Washington Post: Mueller prosecutor says special counsel 'could have done more' in new book
A former top lawyer on special counsel Robert Mueller's team writes in a new book that the group "could have done more" to hold President Donald Trump accountable, according a forthcoming book obtained by The Washington Post.Posted — Updated
Prosecutor Andrew Weissmann -- who had spearheaded the prosecutions of former Ukrainian lobbyists and Trump campaign leaders Paul Manafort and Rick Gates -- writes in "Where Law Ends: Inside the Mueller Investigation," that he now wonders if the team had "given it our all," according to the Post.
"As proud as I am of the work our team did — the unprecedented number of people we indicted and convicted and in record speed for any similar investigation — I know the hard answer to that simple question: We could have done more," Weissmann writes, according to the Post.
CNN has not viewed a copy of the book. A representative for Mueller declined to comment.

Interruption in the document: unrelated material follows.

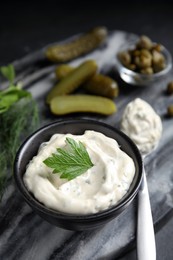 Photo of Tasty tartar sauce on marble board, closeup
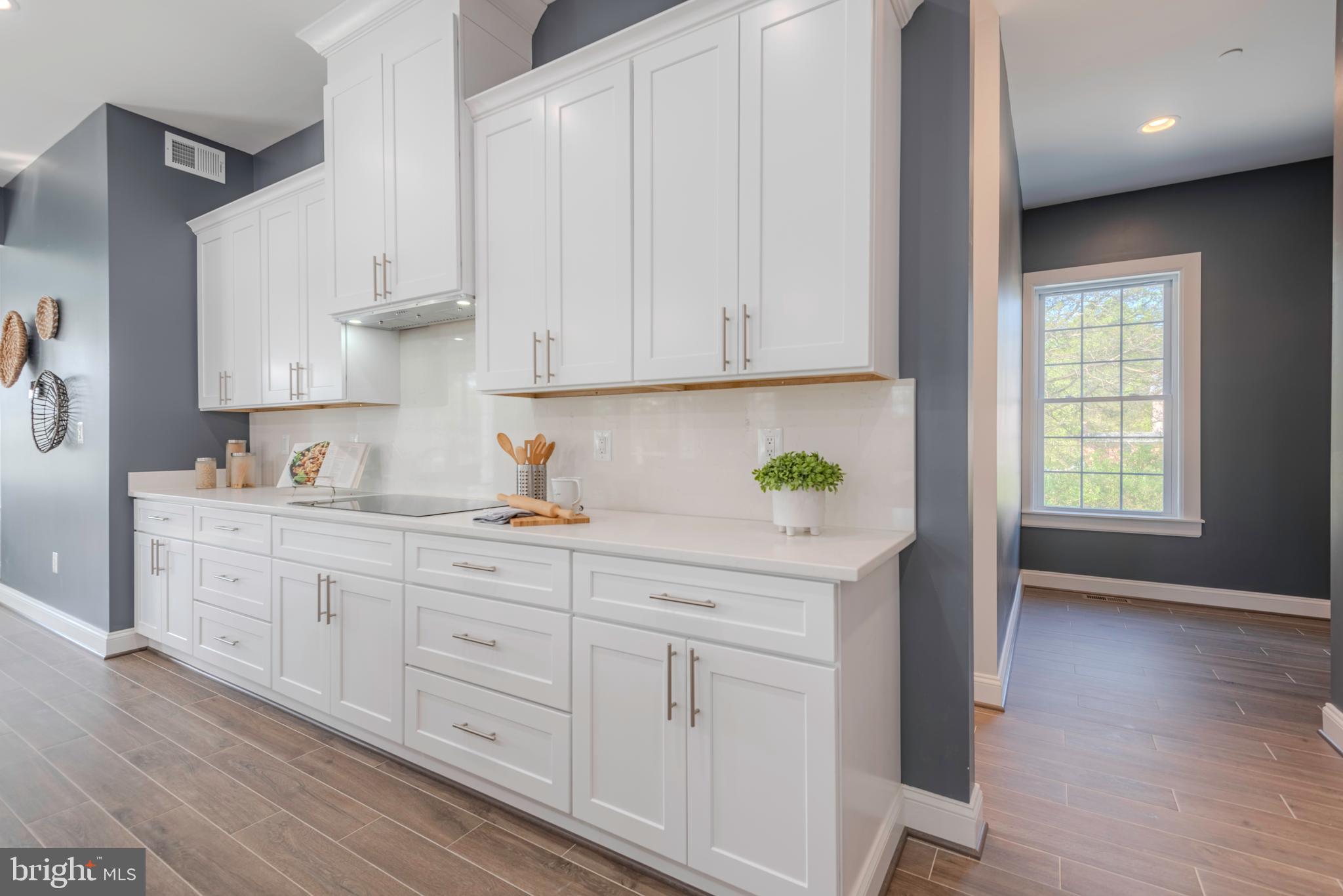 12603 Lanham Severn Road Bowie, MD 20720 - Photo 23 of 79 a kitchen with granite countertop white cabinets and white appliances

According to Weissmann, the special counsel feared prompting outrage from the President, and as a result, "we still do not know if there are other financial ties between the President and either the Russian government or Russian oligarchs."
"We do not know whether he paid bribes to foreign officials to secure favorable treatment for his business interests, a potential violation of the Foreign Corrupt Practices Act that would provide leverage against the President," the books states, according to the Post. "We do not know if he had other Russian business deals in the works at the time he was running for president, how they might have aided or constrained his campaign, or even if they are continuing to influence his presidency."
During the investigation, Weissmann had secured both Gates' and Manafort's convictions and cooperation -- but Manafort lied to the grand jury and Mueller's team, leaving major questions still answered about why he shared American polling numbers with a Russian intelligence-connected associate working in Eastern Europe.
The Mueller investigation didn't charge any Americans with conspiracy in Russia's attempts to help Trump in 2016. But it also couldn't get to all evidence it sought, such as what Manafort knew or deleted text messages between key Trump officials.
Mueller also never subpoenaed Trump for testimony, instead accepting written answers that raised even more questions for the Mueller team. After documenting several episodes in which Trump attempted to end the investigation prematurely, Mueller declined to decide whether to charge him with obstruction of justice. Attorney General William Barr and other Justice Department leaders chose not to indict the President.
Weissmann took issue with Mueller's choice to not reach a conclusion on charging Trump, telling the Post in an interview, "I would have done it."
"I told him why I would have done that," he said.